In addition to the text it’s useful to add individual level metadata to provide some information of who it is who is providing the content. This shouldn’t be names but instead locations, tenure, business functions, grade or level. If you’re able to use data such as gender and age then this can be useful, not least to ensure that you’re focussing on providing unbiased recommendations and covering key groups. It’s important that you don’t just recommend what is important for the largest groups.

One piece of data that is highly valuable if available is some form of performance metric. Whilst you don’t necessarily just want to focus on high performers you might want to ensure that the experience that you’re providing to your most valuable employees is premium.

What is being said?

The first task is to classify the texts into themes, and sub-themes. Think of this as structuring the data. What you’re effectively doing is adding one or more tags that will enable you to sort or filter the data and provides the basis for a range of further statistical analyses.

In an employee survey whilst every comment arguably relates to an experience, not all the comments are as useful as others.

Many of the answers will be short, either a few words or in many cases a list of issues.
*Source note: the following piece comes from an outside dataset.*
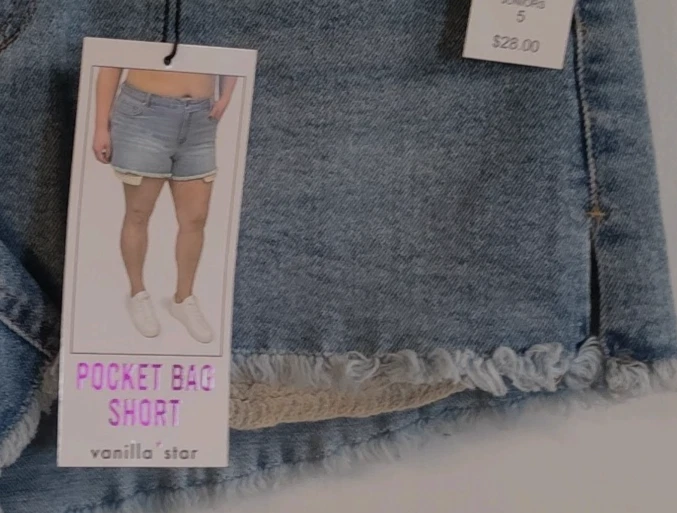 Vanilla Star Jean Shorts Junior Sz 5 Waist 27 Denim Light Wash Pocket Bag Shorts - Image 2 of 4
It’s important to analyse these as they can provide information about the breadth of an issue, but in themselves are unlikely to provide enough richness to explain what is the problem, why it is causing concerns, what are the implications of the problem and ultimately how you’d start addressing them.

How many themes are enough? The trick here is to be granular-enough so you’re not aggregating topics that actually could need to be dealt with separately, but not having so many that you become overwhelmed.

One option, which we’ve found works well, is to initially create quite a granular structure and then to start joining similar topics. It’s likely that you might need to create different groupings depending on the use-case and stakeholder group.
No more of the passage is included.